– Если это дерево и доска, так нешто можно на коленки становиться перед ней и молиться как Богу? Понял?
Сеня смотрел во все глаза и не понимал. Его мысль шла правильно на лесной двор и на цены досок, а государева мысль вернула совсем куда-то не туда…
– Молиться надо Господу Богу и святой Марии и Христу Иисусу. А доскам нельзя молиться! Понял?
Сеня все смотрел во все глаза и все ничего не понимал.
– Если это дерево, то и доска. И какие краски ни намалюй на ней, чего ни напиши, все-таки будет доска. Понял?
Сеня смотрел не сморгнув, а не понимал ни слова.
Государь двинулся и хотел снова положить икону, которую держал, в кучу рассыпавшихся по полу, но принц, следивший за ним уже давно, взял, почти подхватил икону и передал ее ближайшему, адъютанту Перфильеву. Сеченов тотчас двинулся к адъютанту, принял икону в левую руку, потом, перекрестясь три раза, приложился к ней и поднял глаза на государя. Петр Федорович стоял не двигаясь и слегка раскрыв рот. Еще мгновение – и все ожидали взрыва гнева, при котором государь обыкновенно не стеснялся в выражениях.
– Буду отныне беречь лик первосвятителя земли российской как воспоминание об нынешнем посещении вашего величества, – проговорил Сеченов. – Передам ее сыну и внуку и заповедую им беречь как святое и чтимое наследие из рода в род.
Государь ничего не отвечал, только кивнул головой, повернулся, и все двинулись за ним на паперть.
Только один Фленсбург, все слышавший, видевший и все понимавший, взглянул прямо упорным взглядом в лицо первенствующего члена синода. Сеченов таким же упорным взглядом встретил глаза принцева любимца.
«Хитер ты, кутейник, да и дерзок», – думал Фленсбург, говорили глаза его и улыбка.
Глаза и улыбка Сеченова говорили тоже… о его полном равнодушии, если не презрении и к этому адъютантику из иноземцев, и ко всем остальным, ему подобным.

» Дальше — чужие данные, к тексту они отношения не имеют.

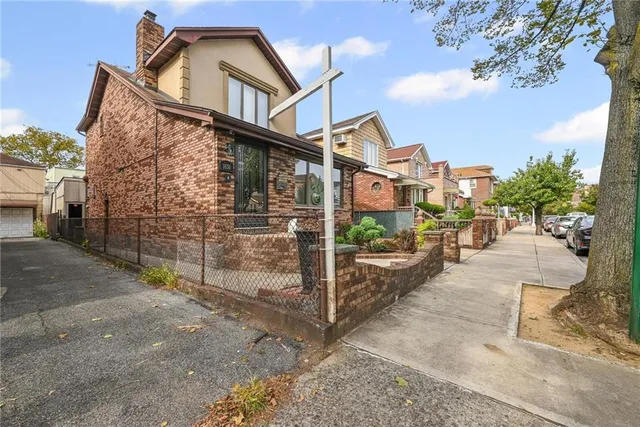 a view of a street in front of house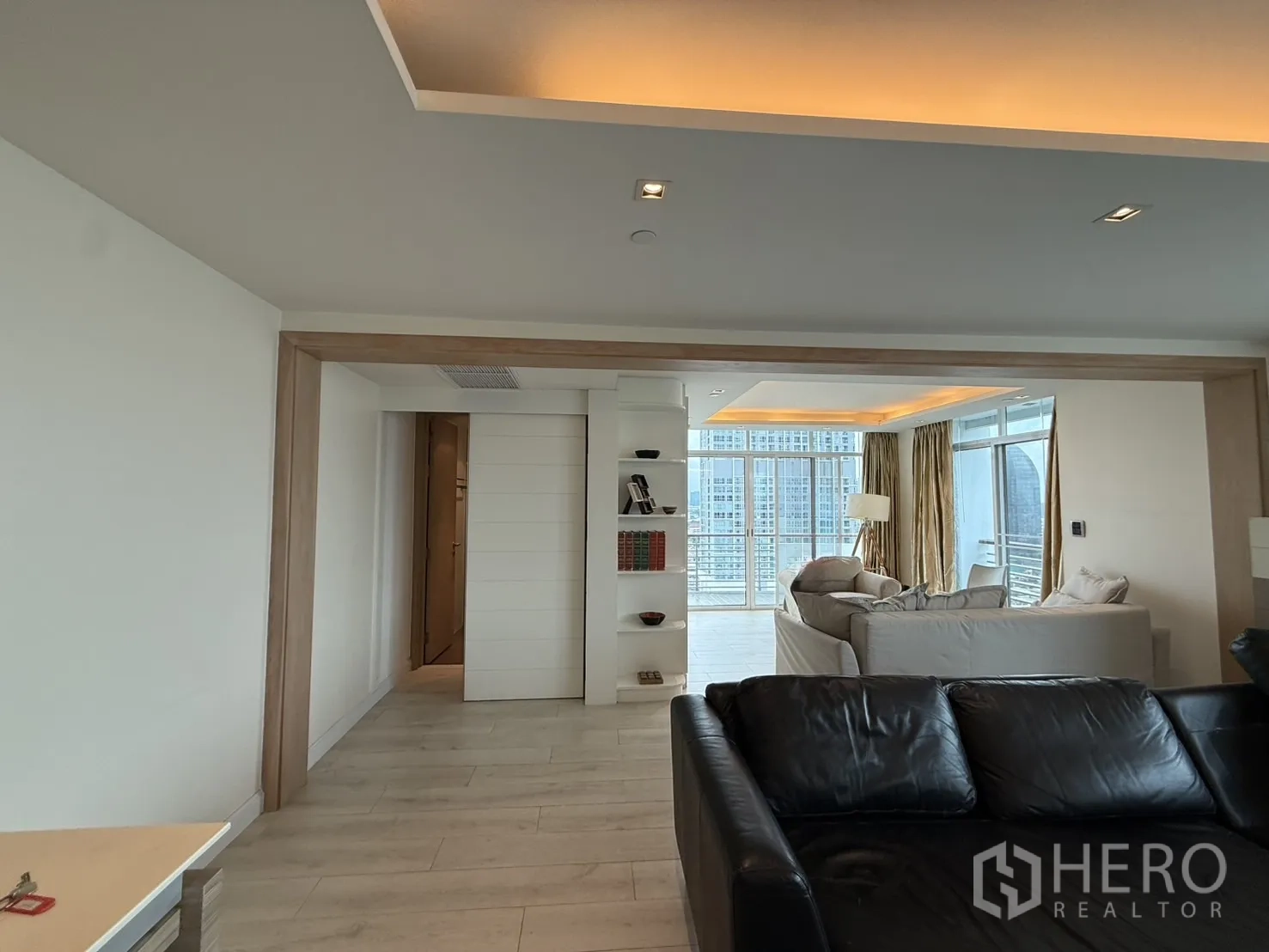 Condominium for rent in Phaya Thai, Bangkok - Open layout from leather sofa toward a cozy sitting room with built‑in shelving and city views.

Через дня три во многих домах и ротных дворах толковалось о том, как государь оттаскал за бороду преосвященного в церкви Сампсония и велел все образа при себе на пол скинуть. Слух этот распространился по городу из квартиры братьев Орловых.
XVIII
В тот же вечер Сеченов, не боявшийся бывать у императрицы, как многие другие, и надеявшийся, что его духовный сан упасет его от всякой беды, приехал к ней с новостью и застал у нее цалмейстера Орлова.
Государыня сидела с ним у камина и была видимо взволнована. Заметя, что архипастырь хочет что-то рассказать ей и стесняется присутствием незнакомого офицера, государыня вымолвила, улыбаясь:
– Можете говорить все при господине Орлове.
Передав с волнением все случившееся в церкви и все слышанное от государя по поводу новых перемен, Сеченов спросил мнения государыни. Она почти не поверила новости и стала успокаивать архипастыря:
– Это невозможно, и он никогда не решится. Поговорит и бросит…
Сеченов, несколько успокоенный государыней, внимательно пригляделся и заметил, что он как будто прервал горячую беседу и отчасти стесняет своим присутствием. Он тотчас же поднялся и уехал.
Действительно, государыня была взволнована беседой с Орловым, которого видела теперь чаще. На этот раз он приехал прямо спросить, позволяет ли она его кружку положить за нее головы, сделать попытку.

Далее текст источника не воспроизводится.